Design of district heating system with dual-temperature supply based on thermal energy discretisation and matching method

Abstract

As heating requirements continue to evolve and heating technology advances, radiators and radiant floor heating devices, which require different supply-water temperatures, have gradually become the two main heating terminals in district heating systems. However, the primary return-water temperature of current solutions based on heat exchangers and heat pumps is relatively high and fails to recover waste heat from the combined heat and power plants, owing to improper use of heat sources. To address this issue, a heat exchanger network optimisation method—the thermal energy discretisation and matching method—was used to design a dual-temperature water district heating system consisting of two absorption heat pumps and two heat exchangers.
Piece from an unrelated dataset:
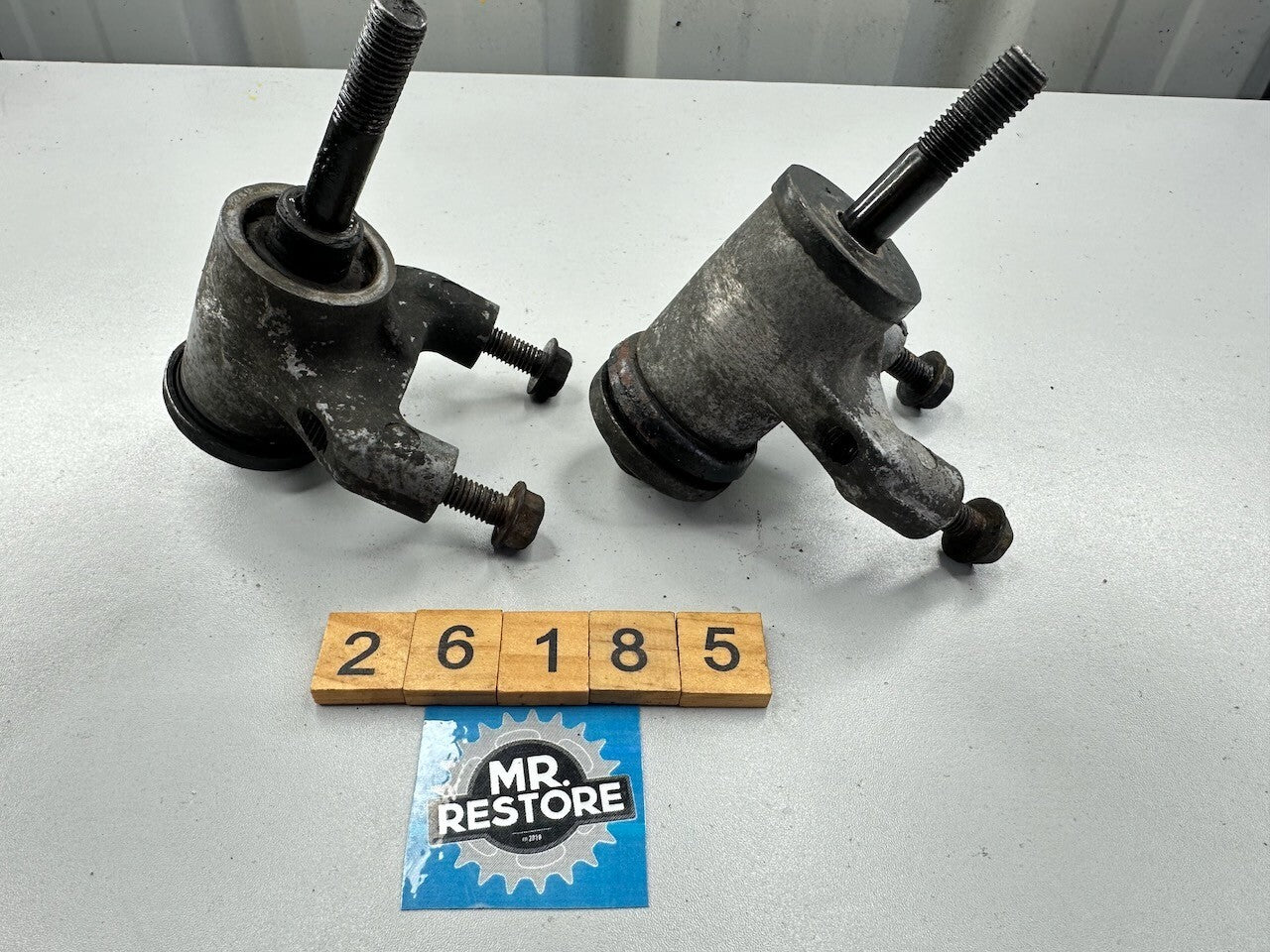 Kawasaki ZX750 F Ninja 750 R GPX750 GPX600 ZX600 Engine Mount Bracket (Pair)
The primary supply water flows through the two generators, two heat exchangers, and two evaporators of the absorption heat pumps. The radiator and floor heating return water was divided into two parts and heated by the heat exchanger and the absorber and condenser of the absorption heat pump, respectively. The performance of the designed heating station was evaluated using the coefficient of performance and the primary return-water temperature and compared with that of other district heating systems. The changes in the district heating system's configuration when the boundary conditions changed were investigated. Results showed that (1) the designed system based on thermal energy discretisation and matching method -had the lowest primary return-water temperature of 18.8 °C and the highest coefficient of performance of 5.62. (2) When the low-temperature load ratio changed from 0% to 100% while maintaining a constant total load, the system's form changed regularly. (3) When the primary supply-water temperature increased, the heating station's form remained unchanged and the capacity of the heat exchange equipment changed regularly. (4) When the secondary supply and return-water temperatures increased, the evaporation temperature of the absorption heat pump increased, resulting in a change in the system's form. This study provides valuable insight into the design of district heating systems that supply dual-temperature water under various design conditions.